Checklist: a eleição das teses de defesa
- Confira a prescrição e a decadência antes de qualquer tese de mérito.
- Verifique a competência do órgão que autuou, segundo a LC 140/2011.
- Cheque a existência de relatório de fiscalização e de laudo técnico.
- Identifique se o auto foi lavrado com constatação ou apenas por suspeita.
- Defina a tese principal e as subsidiárias, sem amontoar argumentos.
- Alinhe a defesa administrativa com a defesa penal do mesmo fato.
- Reserve a insignificância e a dosimetria para o último nível.
Perguntas frequentes sobre as teses de defesa no auto de infração ambiental
Qual tese alegar primeiro na defesa de um auto de infração?
Alega-se primeiro a tese que fulmina o auto por inteiro, como a incompetência do órgão, a prescrição, a decadência e as nulidades por ausência de relatório ou laudo. Só depois se passa ao mérito e, por fim, às teses de redução, como a insignificância e a dosimetria.
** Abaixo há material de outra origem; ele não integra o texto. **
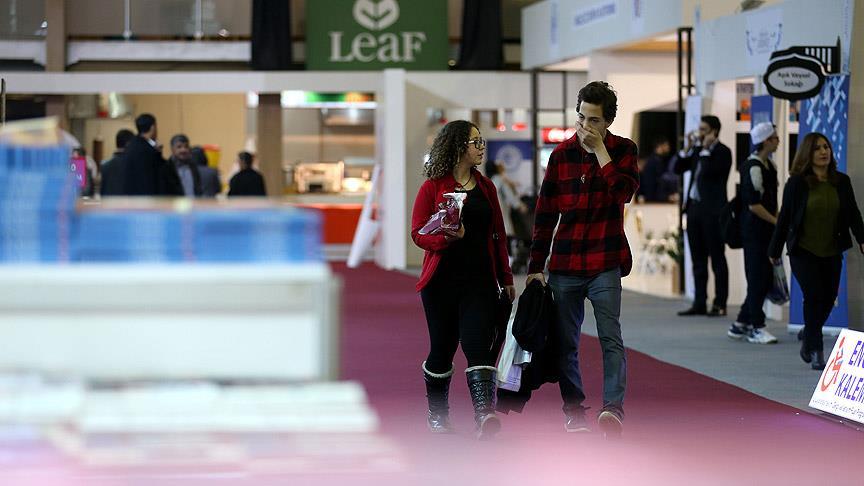 CNR Kitap Fuarı'na ilk günden büyük ilgi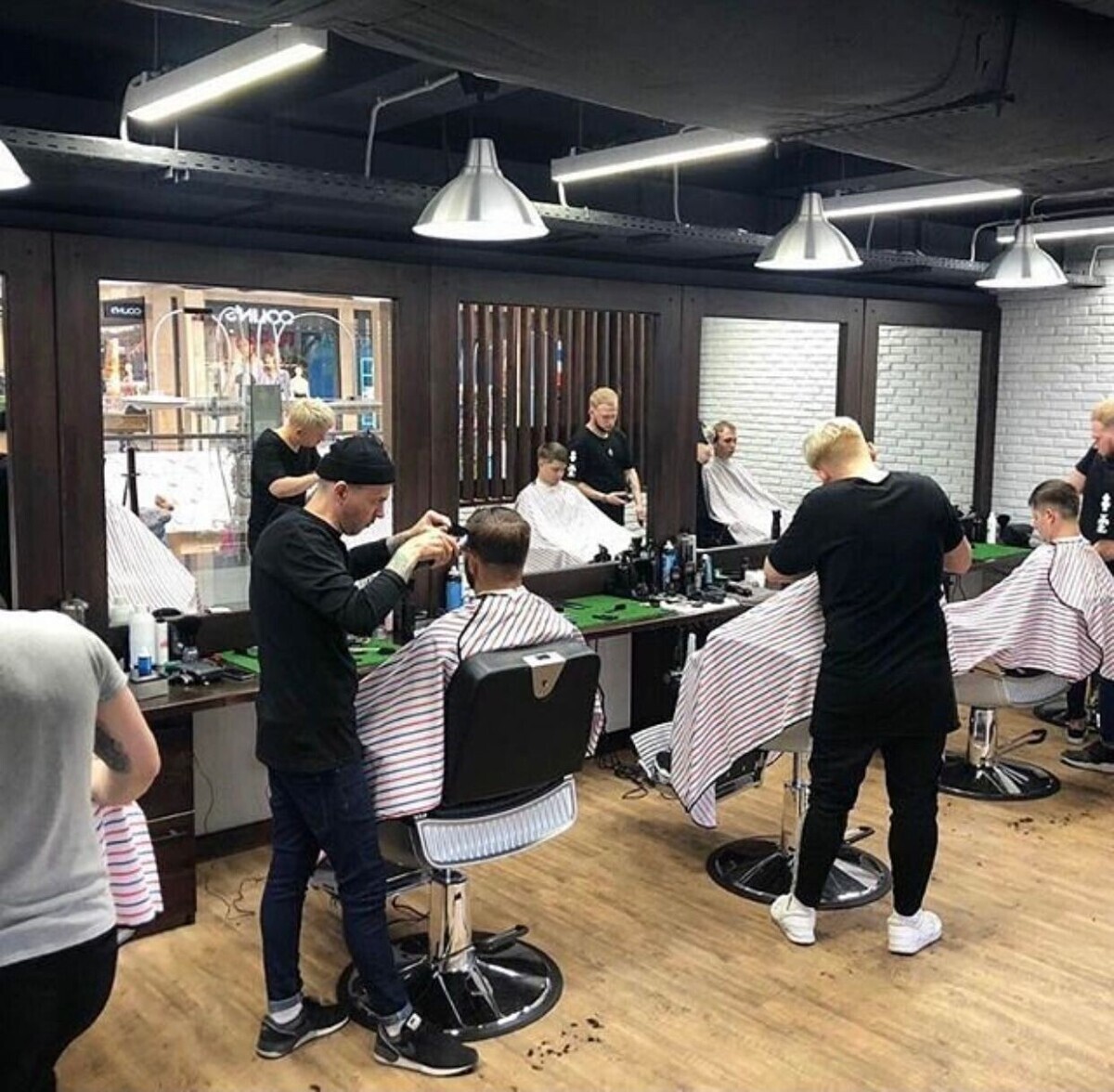 Дерби нижний. Дерби Нижний Новгород. Барбершоп Derby. Derby Barbershop фантастика. Барбер шоп Нижний Новгород.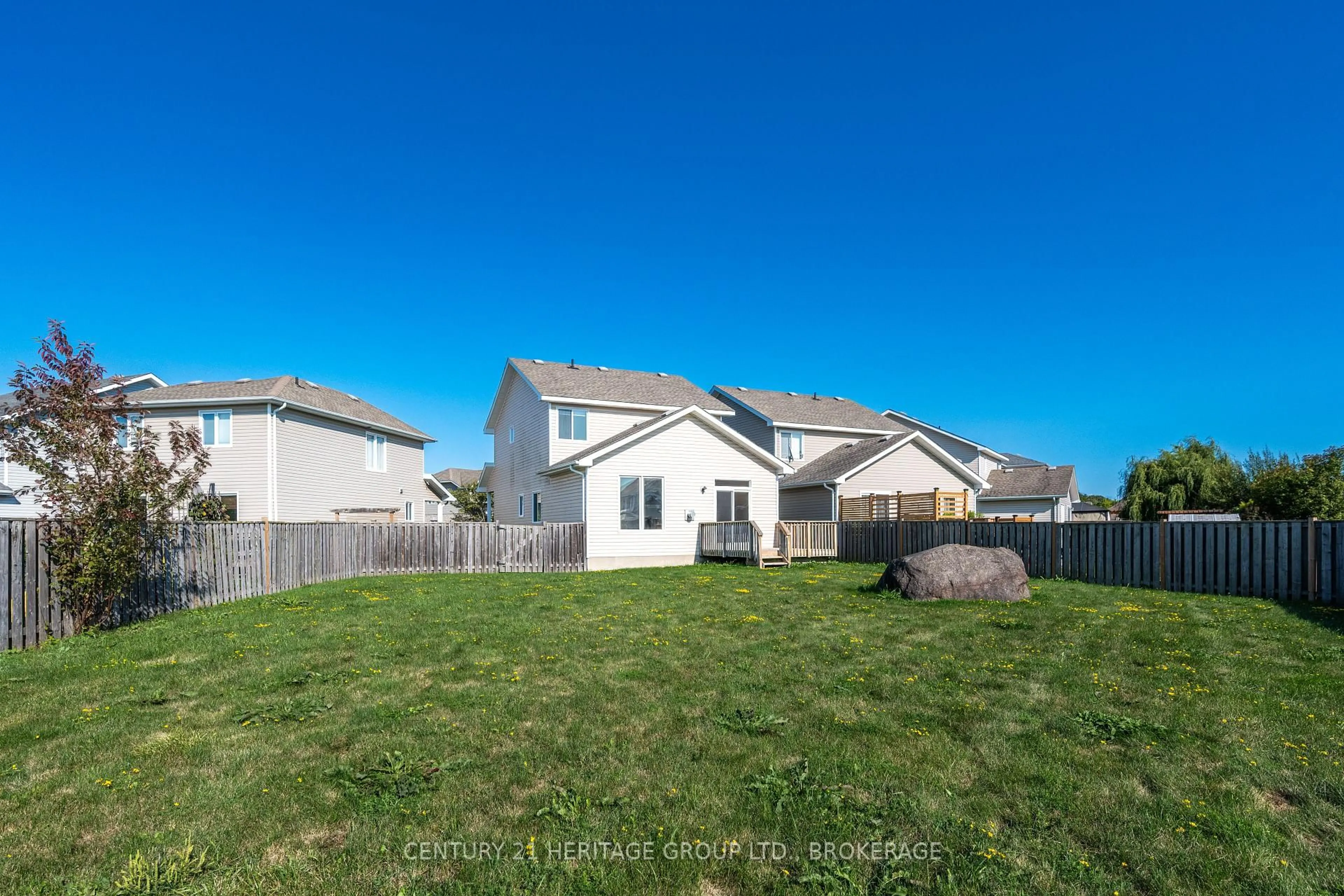 A pic from outside/outdoor area/front of a property/back of a property/a pic from drone, unknown for 724 Margaret Way, Kingston Ontario K7K 0B9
Por que não devo alegar todas as teses de uma vez?
Porque amontoar teses dilui a mais forte e sugere fragilidade. A defesa técnica define uma tese principal e organiza as demais como subsidiárias, na ordem do efeito, para que a prejudicial que encerra o processo não se perca no meio de argumentos genéricos.
A prescrição da infração ambiental é a primeira coisa a conferir?
Sim. A pretensão punitiva prescreve em cinco anos, e a paralisação do processo por mais de três anos gera a prescrição intercorrente, nos termos da Lei 9.873/99. Conferir a contagem antes de tudo evita sustentar mérito quando a pretensão já se extinguiu.
Ainda vale alegar a inconstitucionalidade do Decreto 6.514/08?
Não. A tese está superada, porque o decreto foi reconhecido como válido ao regulamentar a Lei 9.605/98 sem criar infração ou sanção nova. Insistir nesse argumento consome credibilidade e desvia a defesa das teses que realmente anulam o auto.
As defesas administrativa e penal precisam ser coerentes?
Sim. A mesma conduta gera processo administrativo e, muitas vezes, ação penal, e as instâncias se comunicam. O que se admite em uma esfera repercute na outra, de modo que ignorar o espelho penal compromete as duas defesas.